How do we distinguish between distribution and circulation?
How does circulation come into play throughout your writing process–from invention to revision to distribution?
Think of a collaboration–how can we analyze the circulation of information in that process? What does analyzing/understanding circulation help you do in that context?
Memes and circulation
Le’s talk about memes:
- Compile 3 to 5 of your current favorite memes and post them to the “memeblog” in Blackboard. Post what you want–it can be as niche or broad as you want. Remember it’s a class and we’re people.
- Browse through others’ memes, look at them and familiarize yourself with them.
- Discussion questions:
- Which are your favorites, and why?
- Did you find any new memes you like and didn’t expect?
- Are there any you don’t like, and why not?
- More questions:
- what kinds of technological and access needs must be met to make a meme?
- what kinds of rhetorical tools do memers need?
What are the rhetorical tools necessary to create successful memes? Sparby posits eight components in a memetic rhetoric toolkit:
- Possessing the functional digital skills for creating memes
- Using irony and hyperirony for humor
- Understanding identification and how to make content resonate with viewers
- Understanding kairos and how to capitalize on memetic moments
- Recognizing intertextuality and building it into memetic content
- Knowing how to remix texts so that they are recognizable as iterations of previous memes
- Strategizing how to use the social media platform to advance memetic goals
- Engaging in rhetorical velocity to think about further iterations and versions of memetic content.

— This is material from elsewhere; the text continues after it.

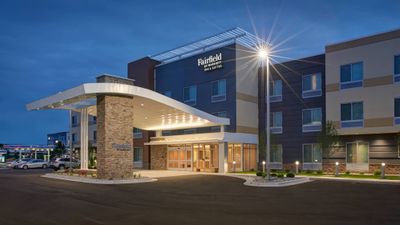 Fairfield Inn & Suites Midland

For Next Time (for Oct 26 )
For the next three weeks we’re working together through Gries & Brooke (Eds.) (2018). Circulation, Writing, and Rhetoric. https://www.jstor.org/stable/j.ctt21668mb You will read selectively, rather than the entire book, and between all of us, we will be able to have multiple readings of the core issues in the text.
Everyone will prepare talking points and post them for your reading journal entry that week, either as a Word doc or pdf file attached to your journal entry. I will invite three volunteers to help lead discussion by working through their talking points with the class.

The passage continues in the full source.